Amadeus answer: "We use All-Purpose clusters only for development notebooks. Production ETL pipelines run on Job Clusters with Photon for cost efficiency. BI dashboards connect via Serverless SQL Warehouses that auto-suspend when idle — zero cost overnight."
SECTION 5: AZURE-SPECIFIC INTEGRATION (45 min)
Q11: How does Azure Databricks architecture work? (Three-plane model)
Simple Explanation: Azure Databricks has 3 main components (called "planes") that work together. Understanding this helps you answer architecture questions and troubleshoot issues.
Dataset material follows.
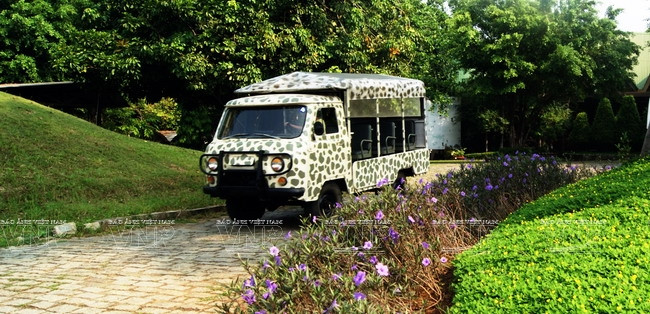 Khu du lịch sinh thái này nằm trên tuyến quốc lộ 20 nối hai trung tâm du lịch Thành phố Hồ Chí Minh và Đà Lạt, ở Km 152 thuộc khu phố 1, thị trấn Madagui, huyện Đạ Huoai, Lâm Đồng. (Nguồn: Nguyễn Vũ Thành Đạt/Báo ảnh Việt Nam)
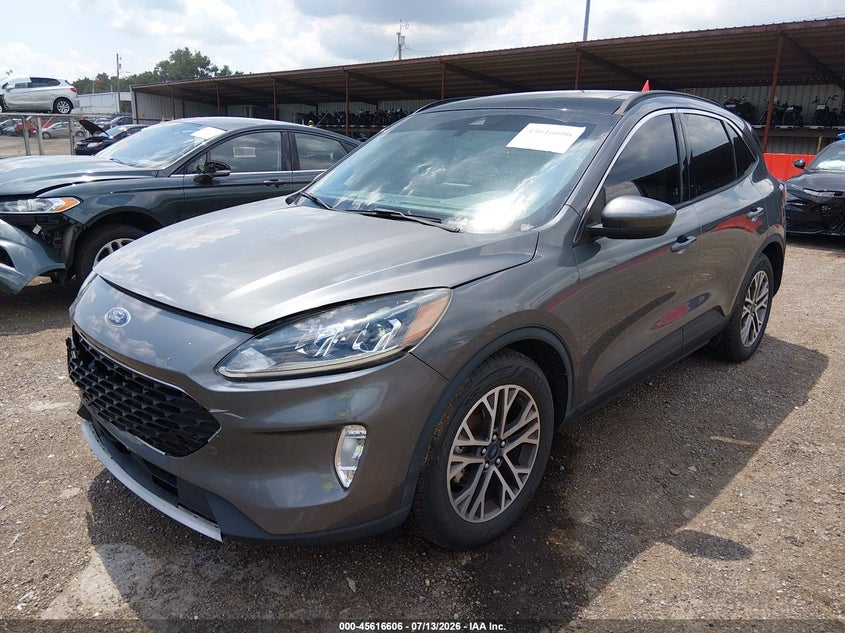 2021 Ford Escape VIN 1FMCU0H61MUB35461 IAAI salvage auction — FRONT & REAR, Salvage Title, sold $3,850 on 2026-07-31 (photo 2)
┌──────────────────────────────────────────────────┐
│ CONTROL PLANE │
│ (Managed by Databricks in Azure) │
│ │
│ What lives here: │
│ ├── Databricks Workspace UI (the web interface) │
│ ├── REST APIs (for automation) │
│ ├── Job Scheduler (runs your scheduled jobs) │
│ ├── Unity Catalog Metastore (table metadata) │
│ └── Cluster Manager (creates/destroys VMs) │
│ │
│ Key point: You don't manage this. Databricks │
│ runs it in THEIR Azure subscription. │
└──────────────────┬───────────────────────────────┘
│ Secure encrypted connection
┌──────────────────▼───────────────────────────────┐
│ COMPUTE PLANE │
│ (In YOUR Azure subscription) │
│ │
│ What lives here: │
│ ├── VMs (cluster worker/driver nodes) │
│ ├── VNet (Virtual Network for isolation) │
│ ├── NSG (Network Security Groups — firewall) │
│ └── Managed Resource Group (Databricks creates) │
│ │
│ Key point: VMs run in YOUR subscription, │
│ so your data never leaves your network. │
└──────────────────┬───────────────────────────────┘
│
┌──────────────────▼───────────────────────────────┐
│ STORAGE PLANE │
│ (In YOUR Azure subscription) │
│ │
│ What lives here: │
│ ├── ADLS Gen2 (your main data lake storage) │
│ ├── Azure Blob Storage │
│ └── DBFS root storage (Databricks internal) │
│ │
│ Key point: Your data stays in YOUR storage. │
│ Databricks never stores your data. │
└──────────────────────────────────────────────────┘
Why this matters for Amadeus: "Our passenger PII data never leaves our Azure subscription. Databricks Control Plane manages orchestration, but the actual data processing (Compute) and storage (ADLS Gen2) happen inside our own subscription — important for GDPR compliance."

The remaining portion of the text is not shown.